**** INPUT

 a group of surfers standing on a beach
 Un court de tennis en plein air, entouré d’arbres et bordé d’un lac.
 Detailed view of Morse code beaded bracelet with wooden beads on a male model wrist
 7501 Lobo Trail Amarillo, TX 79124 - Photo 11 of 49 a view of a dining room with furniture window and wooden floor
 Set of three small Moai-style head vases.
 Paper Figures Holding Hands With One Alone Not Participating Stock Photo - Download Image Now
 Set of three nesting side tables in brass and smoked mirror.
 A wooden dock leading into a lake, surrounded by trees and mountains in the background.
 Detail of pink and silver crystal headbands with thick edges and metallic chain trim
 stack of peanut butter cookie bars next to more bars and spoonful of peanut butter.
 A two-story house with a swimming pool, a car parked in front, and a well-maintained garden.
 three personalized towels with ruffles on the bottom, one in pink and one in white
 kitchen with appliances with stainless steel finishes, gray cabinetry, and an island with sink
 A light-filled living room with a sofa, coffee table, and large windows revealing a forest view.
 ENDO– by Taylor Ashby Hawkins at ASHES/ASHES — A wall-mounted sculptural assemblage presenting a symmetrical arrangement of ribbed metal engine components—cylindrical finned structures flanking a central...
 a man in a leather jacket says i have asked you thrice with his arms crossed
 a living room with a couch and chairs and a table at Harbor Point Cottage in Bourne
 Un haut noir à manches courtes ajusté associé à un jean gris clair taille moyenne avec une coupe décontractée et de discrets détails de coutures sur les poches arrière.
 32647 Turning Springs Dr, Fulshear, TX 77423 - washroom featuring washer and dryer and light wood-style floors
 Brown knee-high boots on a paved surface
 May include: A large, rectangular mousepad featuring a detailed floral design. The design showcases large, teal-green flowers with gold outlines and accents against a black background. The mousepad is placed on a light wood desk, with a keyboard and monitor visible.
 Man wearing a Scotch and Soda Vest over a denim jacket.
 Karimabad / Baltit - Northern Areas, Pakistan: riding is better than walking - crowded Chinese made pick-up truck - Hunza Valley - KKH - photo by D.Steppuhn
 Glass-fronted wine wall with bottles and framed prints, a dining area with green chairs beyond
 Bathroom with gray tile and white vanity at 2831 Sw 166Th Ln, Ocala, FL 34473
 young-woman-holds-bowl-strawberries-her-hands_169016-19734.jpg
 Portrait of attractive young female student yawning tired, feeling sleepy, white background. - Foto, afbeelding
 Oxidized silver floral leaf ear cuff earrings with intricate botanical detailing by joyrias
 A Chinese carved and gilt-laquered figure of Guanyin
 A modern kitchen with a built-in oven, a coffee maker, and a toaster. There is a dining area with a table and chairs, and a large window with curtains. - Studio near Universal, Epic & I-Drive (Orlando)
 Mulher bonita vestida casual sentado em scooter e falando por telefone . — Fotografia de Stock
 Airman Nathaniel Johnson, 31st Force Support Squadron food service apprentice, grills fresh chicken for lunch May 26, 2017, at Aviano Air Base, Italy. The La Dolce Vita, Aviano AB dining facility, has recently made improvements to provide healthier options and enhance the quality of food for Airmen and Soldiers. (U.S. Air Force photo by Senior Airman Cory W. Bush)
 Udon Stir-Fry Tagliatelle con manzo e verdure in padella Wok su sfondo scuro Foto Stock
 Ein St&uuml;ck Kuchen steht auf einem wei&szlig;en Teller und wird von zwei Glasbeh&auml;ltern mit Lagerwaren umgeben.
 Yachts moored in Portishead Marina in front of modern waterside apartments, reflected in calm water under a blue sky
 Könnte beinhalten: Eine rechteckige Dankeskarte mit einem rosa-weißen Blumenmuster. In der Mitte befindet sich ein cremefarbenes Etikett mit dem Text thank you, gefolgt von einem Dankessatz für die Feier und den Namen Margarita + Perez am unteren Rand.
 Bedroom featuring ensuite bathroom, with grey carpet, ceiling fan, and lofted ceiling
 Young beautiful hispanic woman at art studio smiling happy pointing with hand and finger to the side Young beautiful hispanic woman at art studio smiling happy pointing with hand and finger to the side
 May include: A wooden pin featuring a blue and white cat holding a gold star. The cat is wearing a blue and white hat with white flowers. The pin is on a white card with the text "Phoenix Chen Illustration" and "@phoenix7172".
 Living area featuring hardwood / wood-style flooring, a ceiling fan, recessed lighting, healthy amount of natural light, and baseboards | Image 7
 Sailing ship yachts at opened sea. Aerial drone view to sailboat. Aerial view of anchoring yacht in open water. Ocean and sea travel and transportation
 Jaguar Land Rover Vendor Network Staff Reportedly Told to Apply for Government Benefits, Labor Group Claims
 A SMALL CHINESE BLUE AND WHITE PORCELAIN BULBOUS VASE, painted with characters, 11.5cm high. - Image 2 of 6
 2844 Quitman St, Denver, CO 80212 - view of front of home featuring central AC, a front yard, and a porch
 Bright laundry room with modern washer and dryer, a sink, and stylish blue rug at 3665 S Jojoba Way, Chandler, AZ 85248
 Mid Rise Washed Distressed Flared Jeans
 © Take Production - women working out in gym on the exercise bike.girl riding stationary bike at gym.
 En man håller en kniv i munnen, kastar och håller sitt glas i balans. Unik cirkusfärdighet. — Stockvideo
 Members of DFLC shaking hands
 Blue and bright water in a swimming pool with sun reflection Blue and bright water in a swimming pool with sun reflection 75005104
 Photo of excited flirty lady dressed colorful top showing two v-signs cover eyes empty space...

********

WHAT YOU WILL DO: Where does the string "gray" occur in the data above? Copy every line that holds it.

EXERCISE RESPONSE:
 kitchen with appliances with stainless steel finishes, gray cabinetry, and an island with sink
 Bathroom with gray tile and white vanity at 2831 Sw 166Th Ln, Ocala, FL 34473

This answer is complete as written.